Records from a collection ::
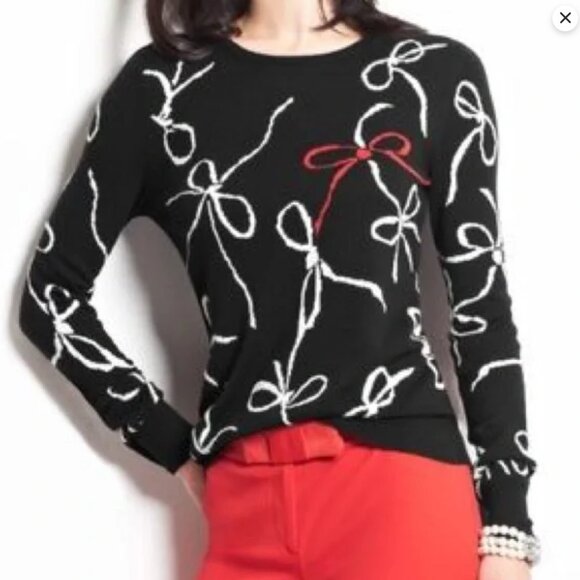 Ann Taylor "Ribbons & Bows" Crewneck Sweater - Picture 9 of 15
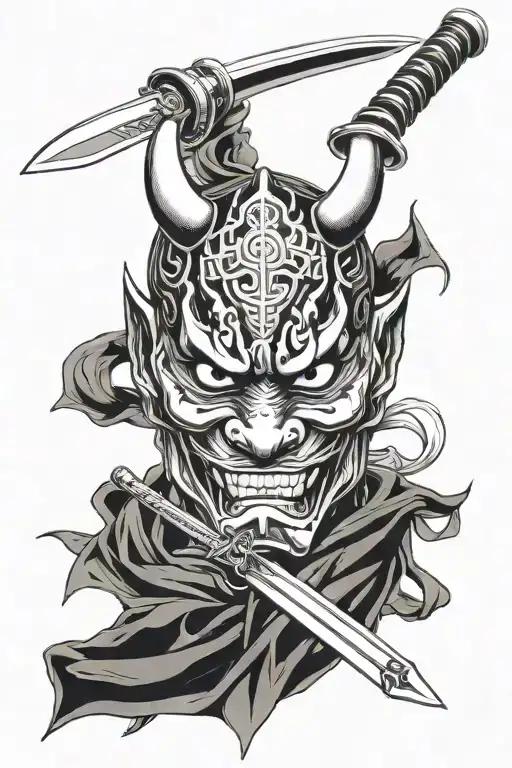 Hannya Mask With Katana Swords Drawn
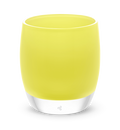 canary yellow hand-blown glass votive candle holder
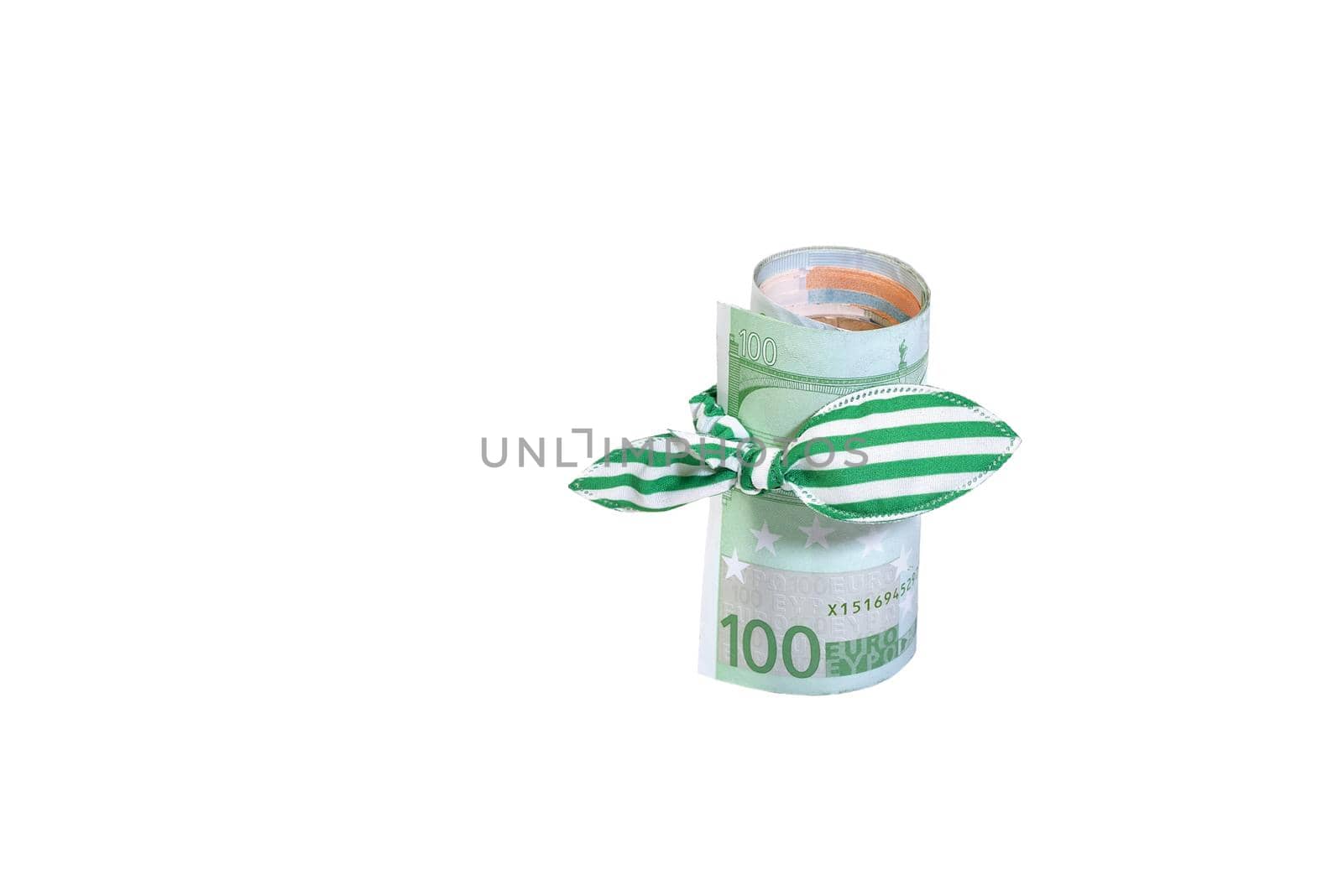 Hundred euros banknote curtailed by a tubule with green elastic band with a bow isolated on white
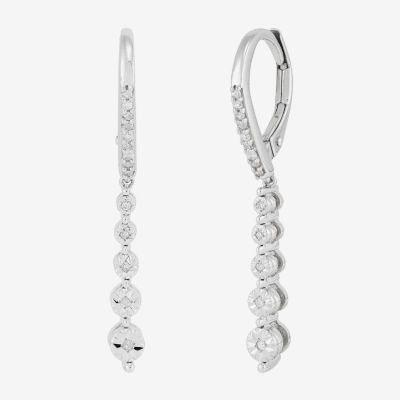 1/ CT. T.W. Natural White Diamond Sterling Silver Drop Earrings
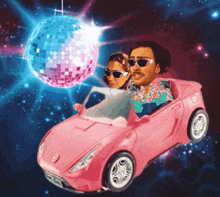 a man and woman in a pink car with a disco ball behind them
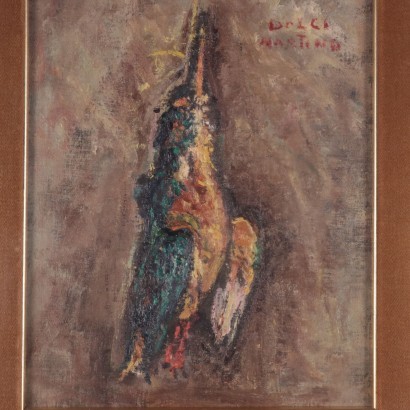 Painting by Martino Dolci Oil on Cardboard 20th Century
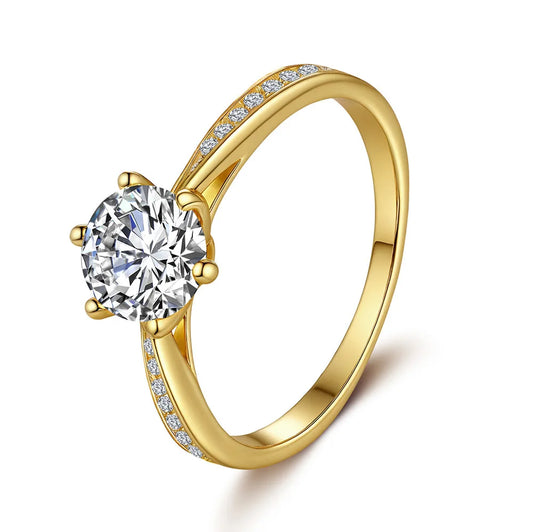 Luckacco Luxury 100% Real 18k Gold Ring Women's Six-claw Diamond Ring 6.5mm Round 1ct 1 karat Moissanite Wedding Ring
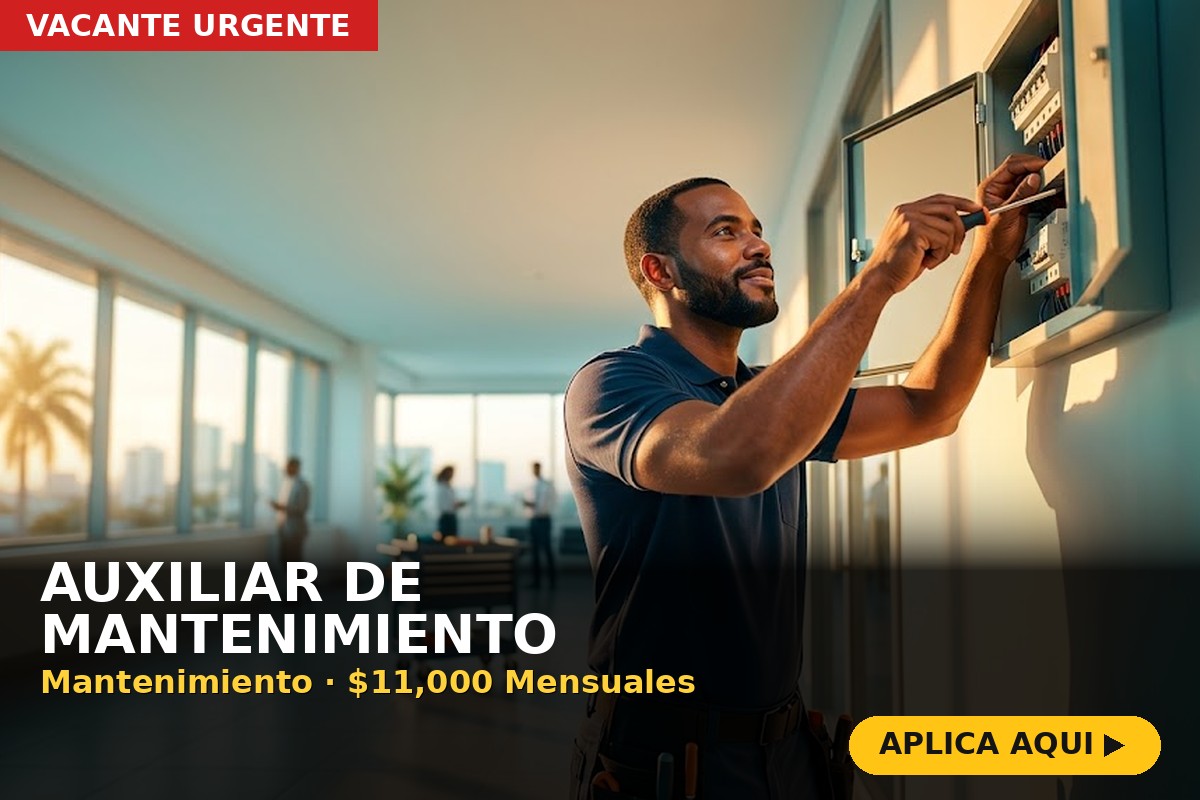 Auxiliar de Mantenimiento: Sueldo de $11,000 Mensuales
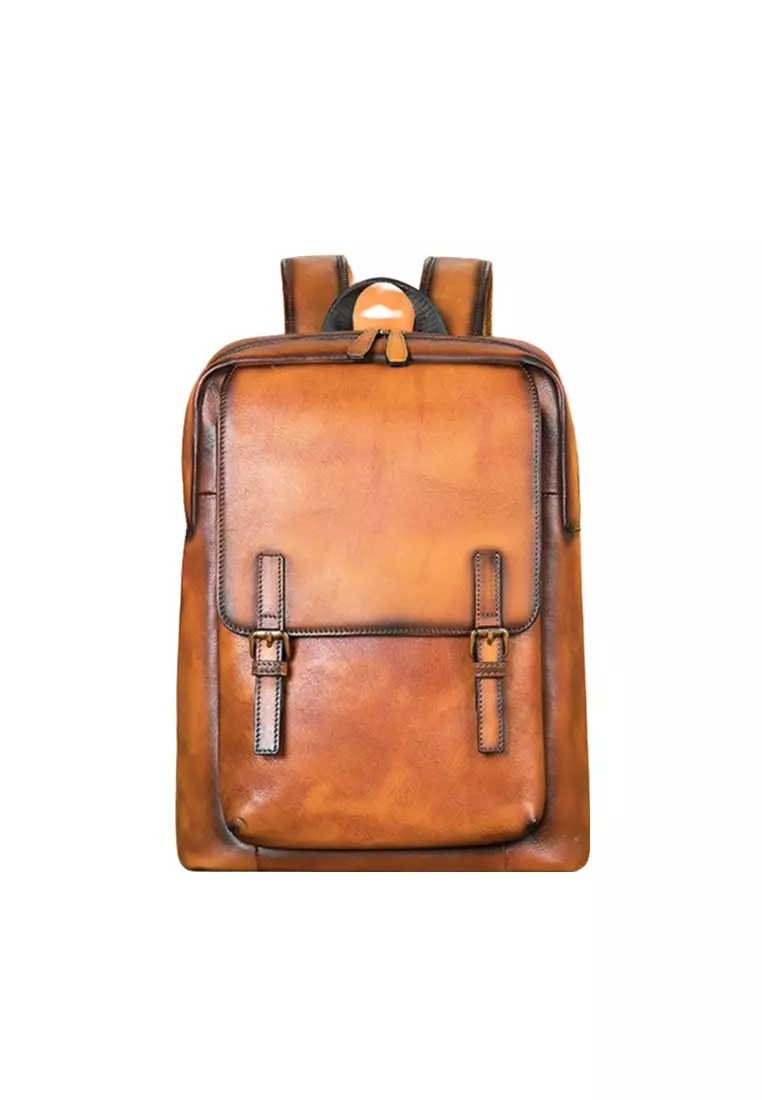 Lara Men's Retro Rubbing Cow Leather Business Backpack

PROBLEM TO WORK ON :: Please give an exact copy of the lines from the line containing "Hannya Mask With Katana Swords Drawn" through the end of the records above, pictures excluded.

EXPECTED OUTPUT ::
 Hannya Mask With Katana Swords Drawn
 canary yellow hand-blown glass votive candle holder
 Hundred euros banknote curtailed by a tubule with green elastic band with a bow isolated on white
 1/ CT. T.W. Natural White Diamond Sterling Silver Drop Earrings
 a man and woman in a pink car with a disco ball behind them
 Painting by Martino Dolci Oil on Cardboard 20th Century
 Luckacco Luxury 100% Real 18k Gold Ring Women's Six-claw Diamond Ring 6.5mm Round 1ct 1 karat Moissanite Wedding Ring
 Auxiliar de Mantenimiento: Sueldo de $11,000 Mensuales
 Lara Men's Retro Rubbing Cow Leather Business Backpack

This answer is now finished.